Data for this task:
_ _ _

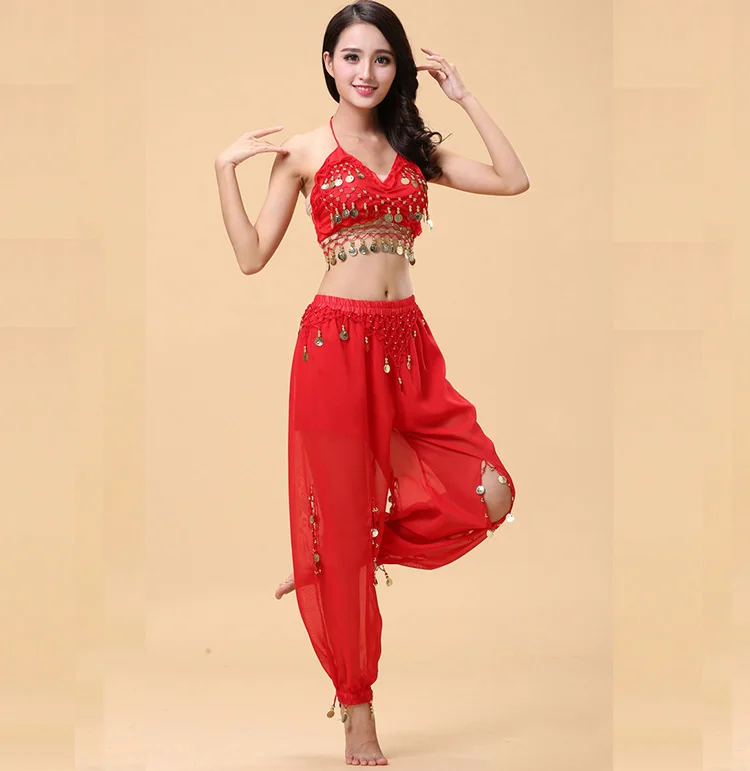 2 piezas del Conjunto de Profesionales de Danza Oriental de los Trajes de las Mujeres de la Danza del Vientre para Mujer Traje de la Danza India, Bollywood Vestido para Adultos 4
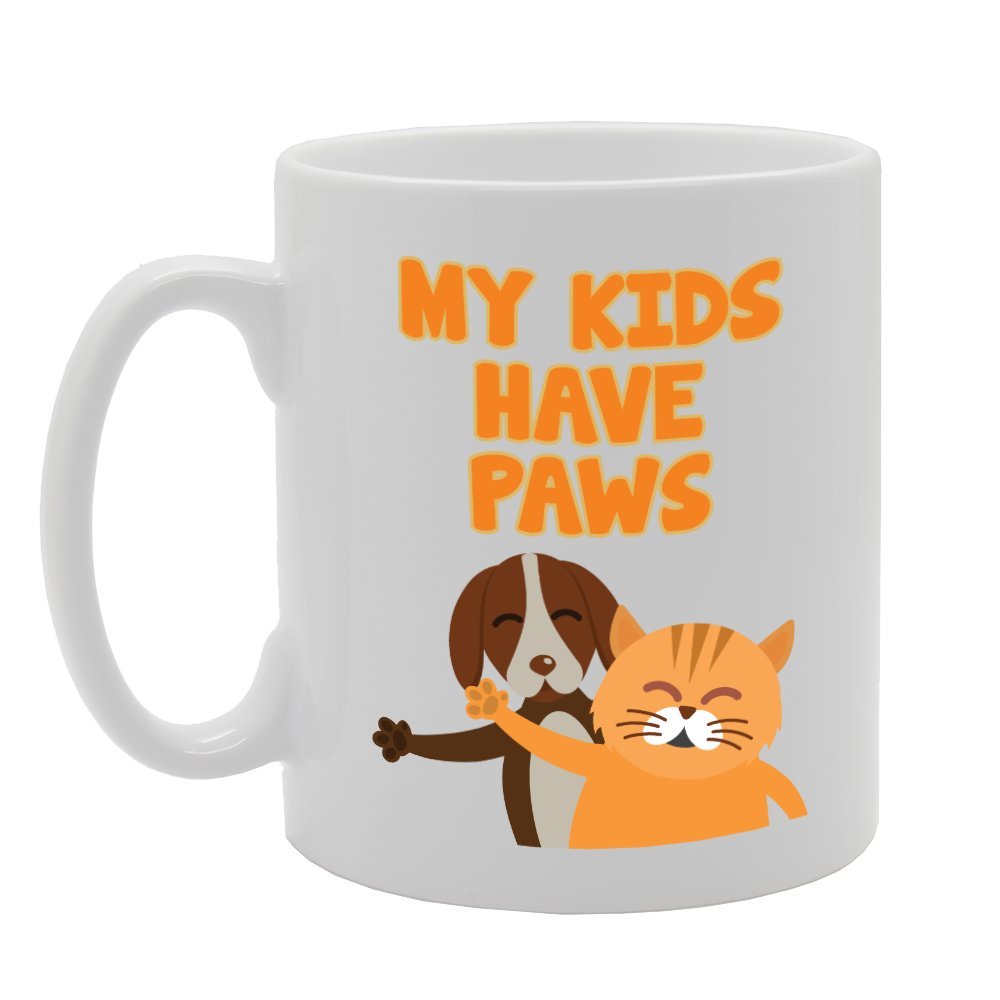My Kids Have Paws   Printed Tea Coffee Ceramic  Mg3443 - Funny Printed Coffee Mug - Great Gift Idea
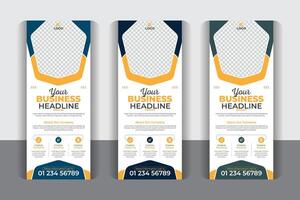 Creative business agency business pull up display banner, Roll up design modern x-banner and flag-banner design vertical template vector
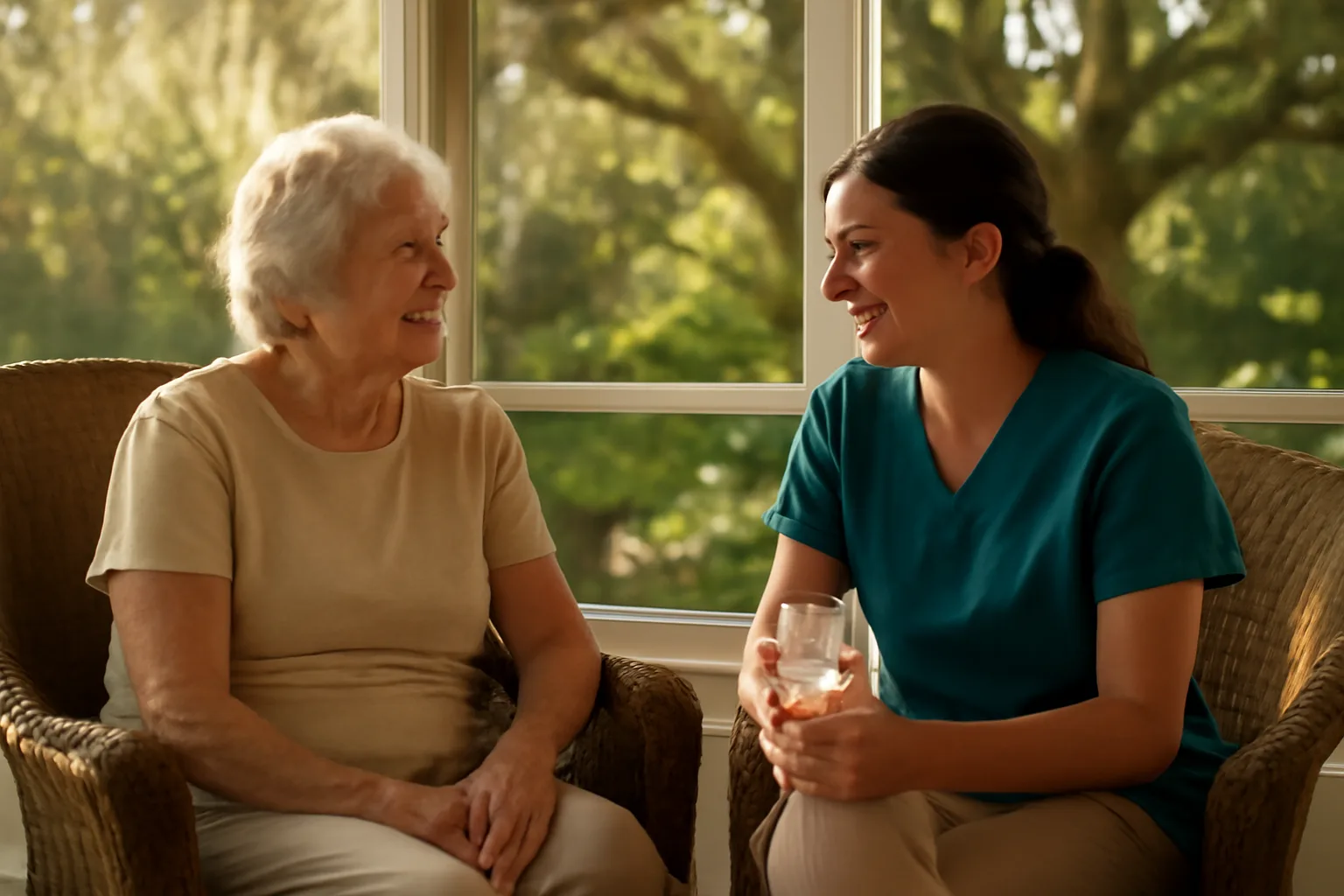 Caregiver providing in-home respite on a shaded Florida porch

_ _ _

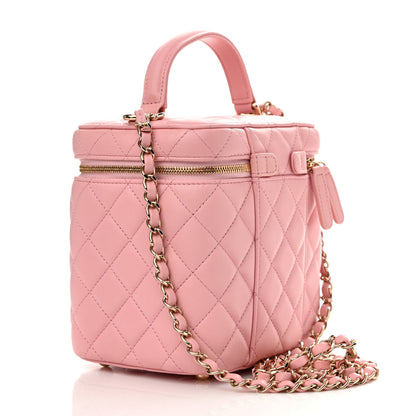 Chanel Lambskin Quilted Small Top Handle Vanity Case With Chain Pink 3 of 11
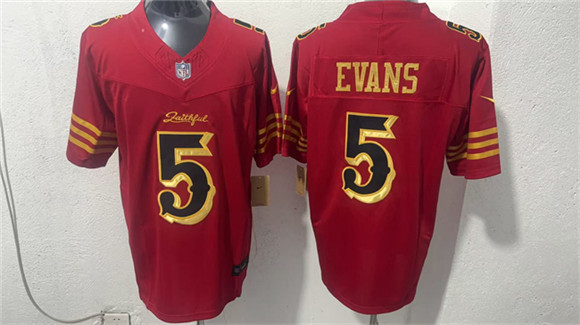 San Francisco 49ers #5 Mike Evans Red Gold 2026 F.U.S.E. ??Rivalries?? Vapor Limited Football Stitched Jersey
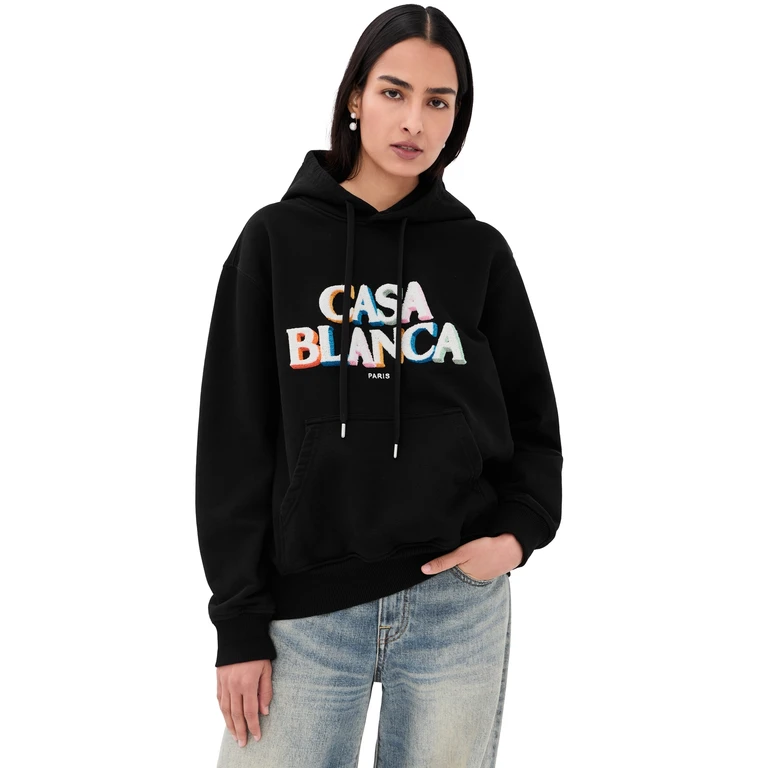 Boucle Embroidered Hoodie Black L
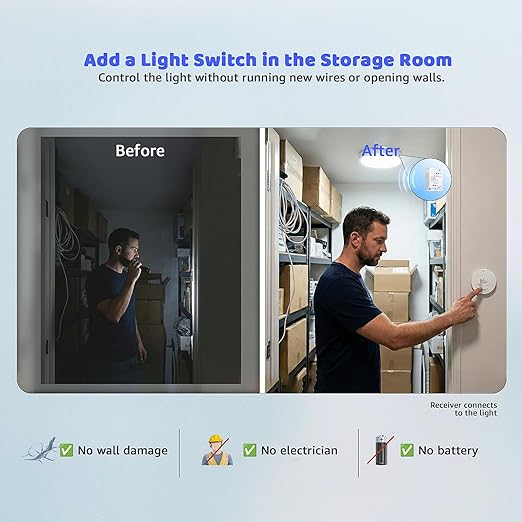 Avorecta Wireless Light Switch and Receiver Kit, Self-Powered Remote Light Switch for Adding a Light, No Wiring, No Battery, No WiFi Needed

_ _ _

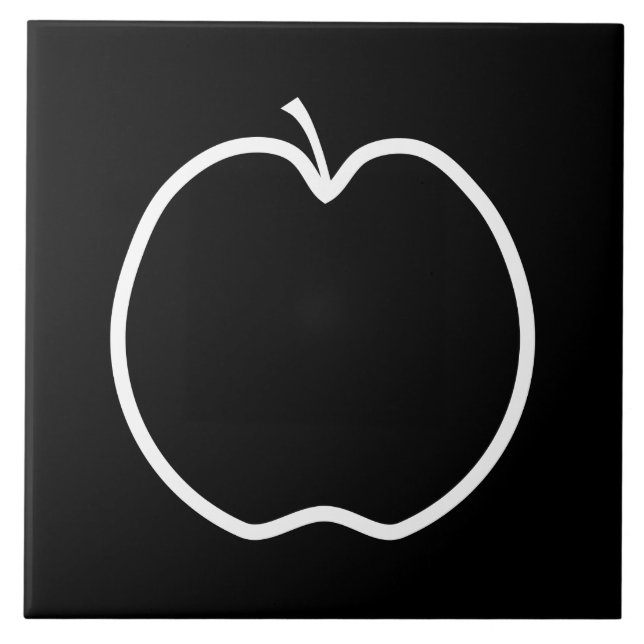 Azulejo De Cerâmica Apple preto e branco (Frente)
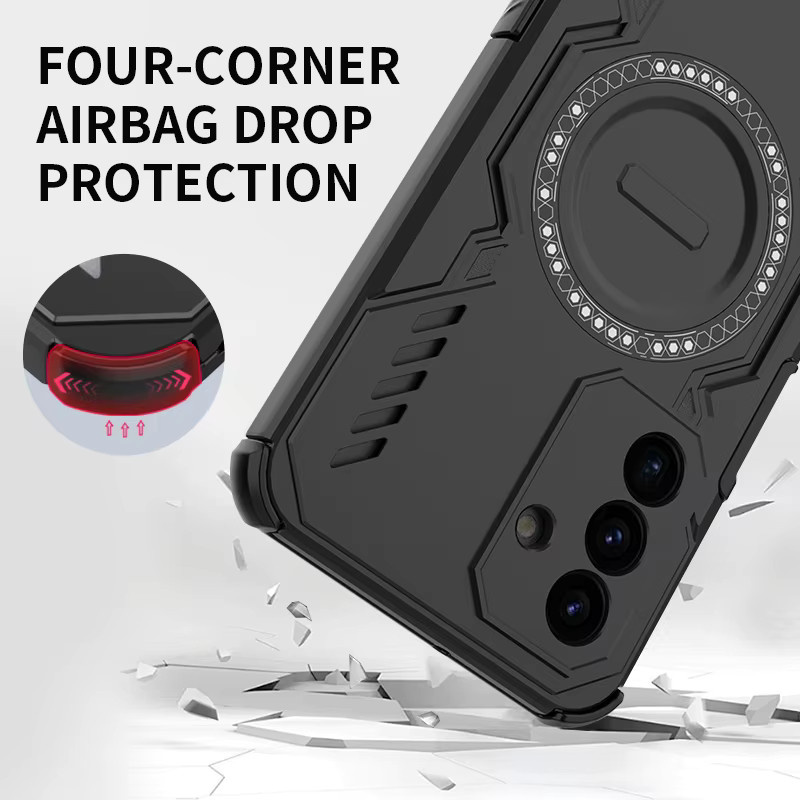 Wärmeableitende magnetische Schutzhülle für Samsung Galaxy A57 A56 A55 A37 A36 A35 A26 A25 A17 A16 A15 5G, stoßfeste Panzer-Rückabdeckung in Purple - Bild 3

_ _ _

Look above for the line with "San Francisco 49ers" and the line with "Avorecta Wireless Light". Give again exactly those two lines and all lines between them, pictures excluded.

 San Francisco 49ers #5 Mike Evans Red Gold 2026 F.U.S.E. ??Rivalries?? Vapor Limited Football Stitched Jersey
 Boucle Embroidered Hoodie Black L
 Avorecta Wireless Light Switch and Receiver Kit, Self-Powered Remote Light Switch for Adding a Light, No Wiring, No Battery, No WiFi Needed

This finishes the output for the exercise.